PANDORA, which has at least two analysts currently rating it a 'sell,' had its first investor's call YESTERDAY. In it they made several boasts about how PANDORA offers advertisers a better value proposition than Broadcast Radio. They took the approach that when facts fail, rhetoric usually succeeds. But TODAY it didn't, because no matter how convoluted their arguments, the facts simply do not back them up. And with CLEAR CHANNEL's highly competitive new features for iHEARTRADIO looming on the horizon, it may have seemed wise for PANDORA to talk boldly now.
Pandora claims we are at the tipping point of radio delivery moving from broadcast to Internet. They must have a new definition for 'tipping point.'
Let's look at facts and logic about Broadcast Radio and PANDORA.
Broadcast Radio has thrived and prevailed over every competitor that has ever attempted to claim supremacy over its unique business model and value propositions.
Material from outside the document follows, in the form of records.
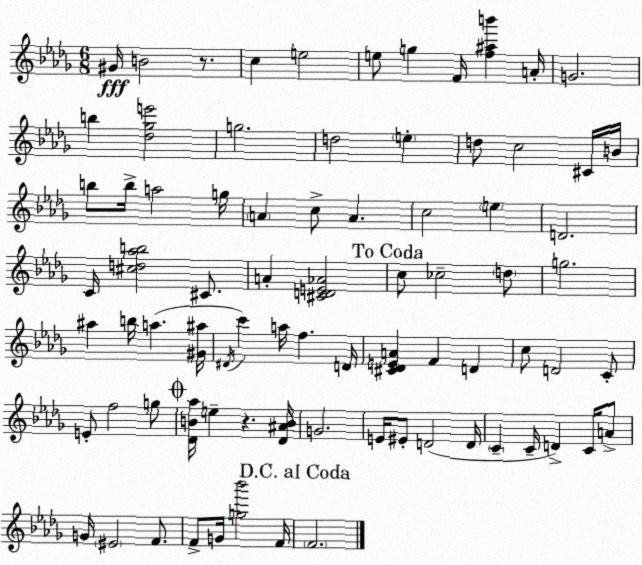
X:1
T:Untitled
M:6/8
L:1/4
K:Bbm
^G/4 B2 z/2 c e2 e/2 g F/4 [f^ab'] A/4 G2 b [_d_ge']2 g2 d2 e d/2 c2 ^C/4 B/4 b/2 b/4 a2 g/4 A c/2 A c2 e D2 C/4 [^cd_ab]2 ^C/2 A [^CDE_A]2 c/2 _c2 d/2 g2 ^a b/4 a [^G^a]/4 ^D/4 c' a/4 f D/4 [^C_DEA] F D c/2 D2 C/2 E/2 f2 g/2 [_DB_a]/4 e z [_D^AB]/4 G2 E/4 ^E/2 D2 D/4 C C/4 D C/4 A/2 G/4 ^E2 F/2 F/2 G/4 [g_b']2 F/4 F2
Competitors like the Walkman, tape cassettes and more claimed that listeners preferred their content delivery to that of Broadcast Radio and planned their inevitable success on the premise that they ran fewer or no commercial messages compared to Broadcast Radio. Nice try. But this is how the most recent challenges have actually played out: When satellite radio, iPODS, MP3 players and internet music stations surged onto the marketplace, some of our listeners added them to their audio entertainment inventory. But not at the expense of listeners’ use of their favorite Broadcast Radio stations, according to ARBITRON/EDISON's Infinite Dial 2011, TARGETSPOT's MAY 2011 White Papers, JACOBS MEDIA's Tech Survey 7, 2011 and ARBITRON PPM analyses. And the other earlier competitors? This year Broadcast Radio reached more listeners than ever before, and those other guys are out of business.
There are many reasons why Broadcast Radio has not been diminished or displaced in people's lives. Those reasons go on the air, usually live, in nearly 300 individual markets, on over 14,000 local, environmentally targeted radio stations every day. They are the personalities and interactive programming aspects of Broadcast Radio that are demanded by listeners on music and talk stations alike. And yes, every hour of every day they deliver and define what listeners want and expect from their Broadcast Radio experience. There is no 'dramatically better radio experience' to our listeners than the one they seek -- and get -- from Broadcast Radio.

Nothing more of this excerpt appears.